--- EXERCISE AIM ---
Reproduce the listing in full, pictures excluded.

--- DATASET EXTRACT ---
—————

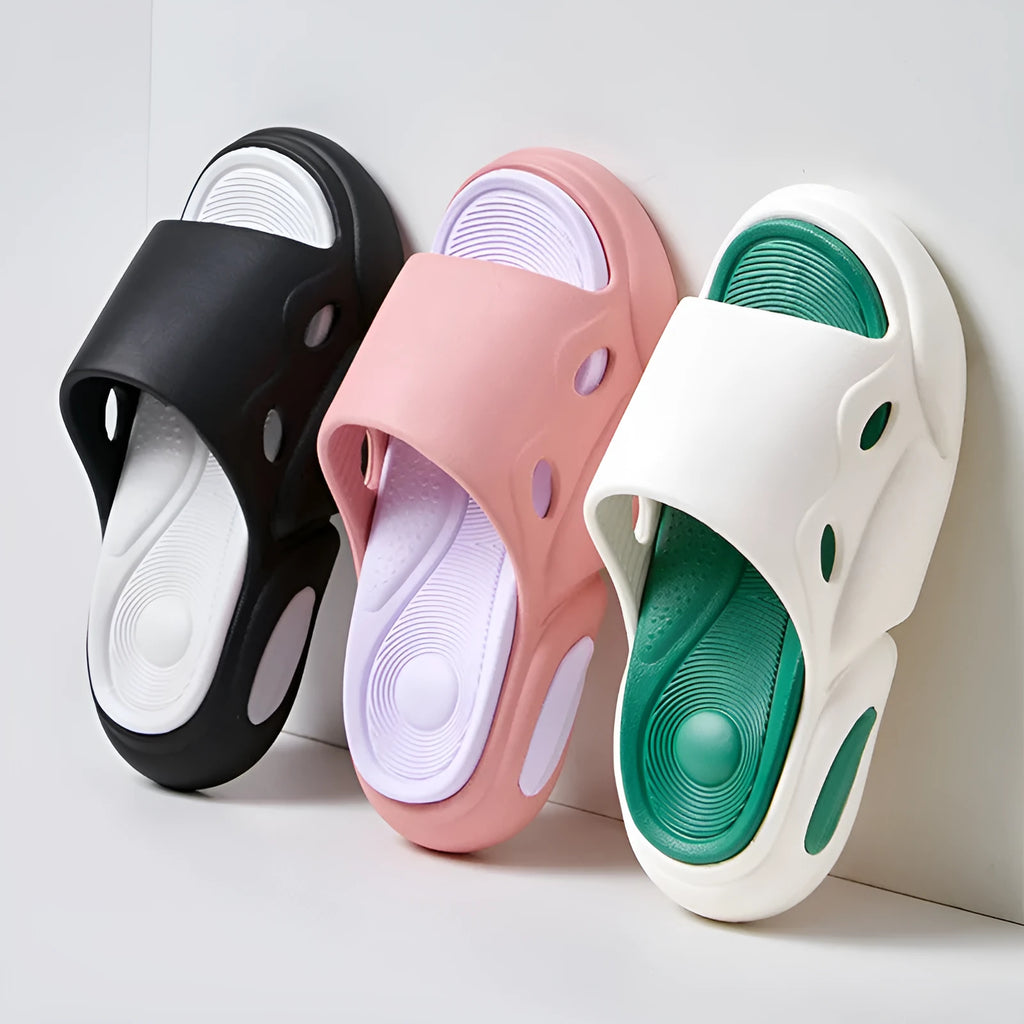 Unisex thick-soled EVA slippers in pink purple colour for indoor and outdoor wear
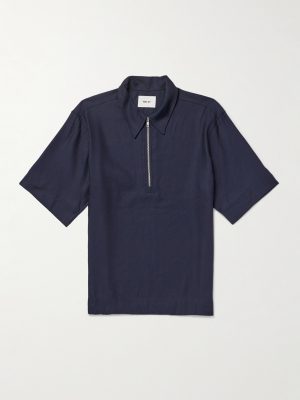 Bruno 1808 LENZING™ ECOVERO™ and Linen-Blend Half-Zip Polo Shirt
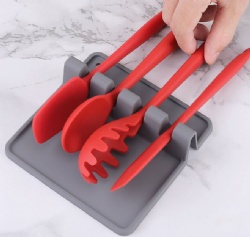 Silicone Spoon Rest for Kitchen Utensils, Spatula & Ladle Holder, Chopstick Tray, Heat Resistant Organizer Pad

—————

--- RESULT ---
 Unisex thick-soled EVA slippers in pink purple colour for indoor and outdoor wear
 Bruno 1808 LENZING™ ECOVERO™ and Linen-Blend Half-Zip Polo Shirt
 Silicone Spoon Rest for Kitchen Utensils, Spatula & Ladle Holder, Chopstick Tray, Heat Resistant Organizer Pad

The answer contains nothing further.